One night my son was playing a computer game while I was watching TV. I asked him to turn the sound down, and he did. After a short while he came over to watch TV with me. Every so often I would hear the engine noise of his game. I asked him to turn off the game. He did. I was still hearing the noise and told at him to turn it off. He said he had switched off the power to the PC, but I was still hearing the engine noise about once a minute. We went over to look. Sure enough, the computer was off, but the sound was still there. We unplugged the speakers. Didn’t help. We pulled out the batteries. Didn’t help. Then I realized it was my pager that had been sitting on one of the speakers.

Stupid Tech Support

We sell Texas Instuments graphing calculators, the kind you can synch with your computer to put simple programs onto them. A customer called up with a problem his kid was having. They had tried to download a couple programs to the calculator, but neither worked. After a bit more conferring, it transpired that they had tried to put Quake III and WinAmp on the thing.

I wonder how that kid thought he was going to listen to music on his calculator?

Stupid Tech Support

Customer: “Your sound card is defective and I want a new one.”

Tech Support: “What seems to be the problem?”

Customer: “The balance is backwards. The left channel is coming out of the right speaker and the right channel is coming out the left. It’s defective.

Tech Support: “You can solve the problem by moving the left speaker the right side of the machine and vice versa.”

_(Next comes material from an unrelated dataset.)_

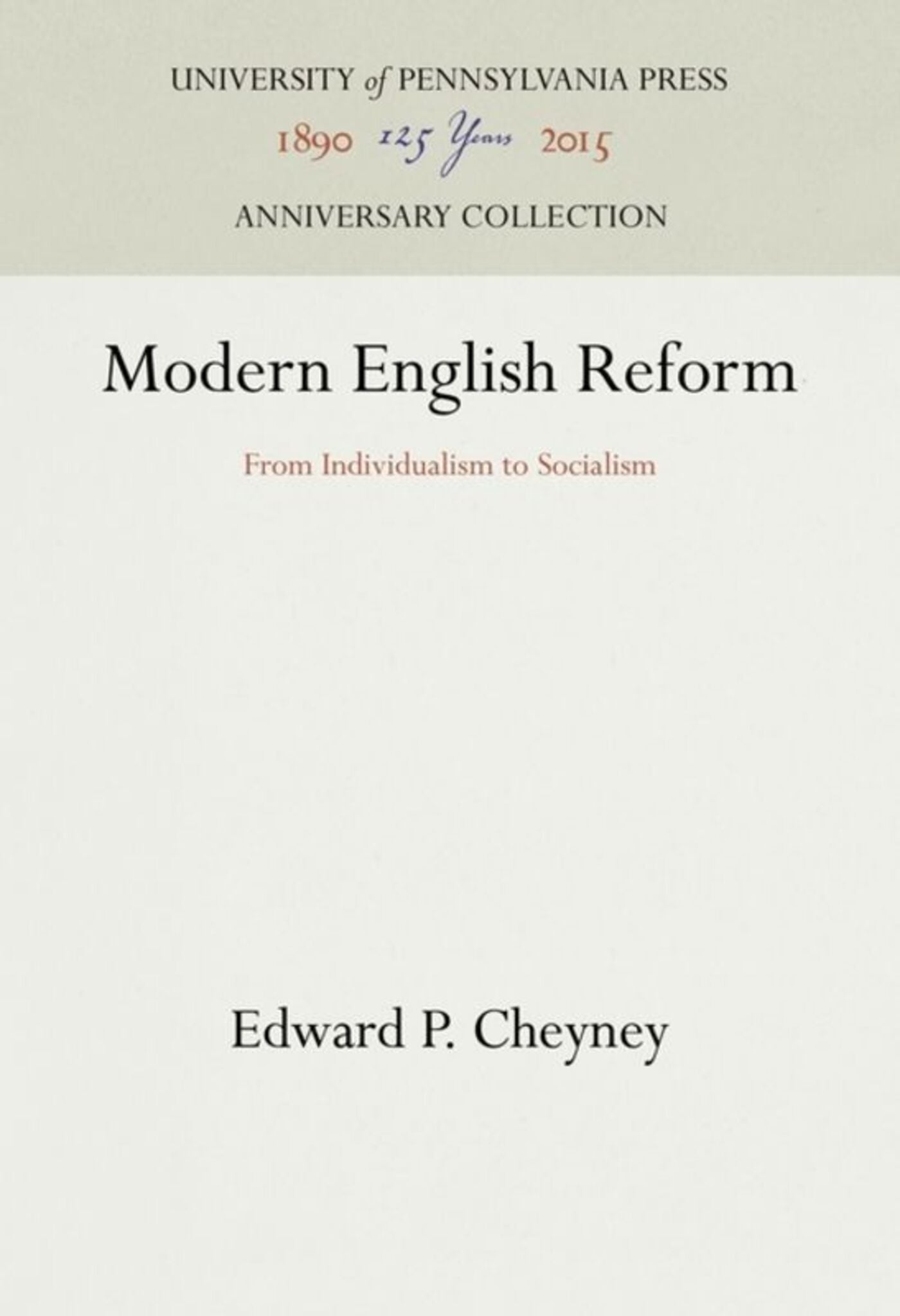 Modern English Reform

Customer: (sputter) (click)

Tech Support: (snicker)

Stupid Roommates

One day, my former roommate decided to cook on the grill. Well this intelligent being turns on the gas and finds that the electric start isn’t working. He then goes into the house to get a match (keep in mind the the gas is still running). In the house he find a butane lighter, which is empty, so he attempts to fill the empty BUTANE lighter with zippo lighter fluid. The Gas is still running. Failing and spilling the fluid all over the lighter, he then for some reason clicks the little electric trigger (that made a nice flame.) Again, keep in mind the gas has been running for at least 5 minutes. So after the lighter incident I realized that the grill was still running. So I went outside, shut the gas off and waited about 5 minutes to let the gas clear out. After I feel it is safe to light the grill, I turn on the gas, throw in a match and presto…its ready to cook. My roommate then asks, “How’d you do that?” At this point I proceeded to tattoo the word “idiot” on his forehead.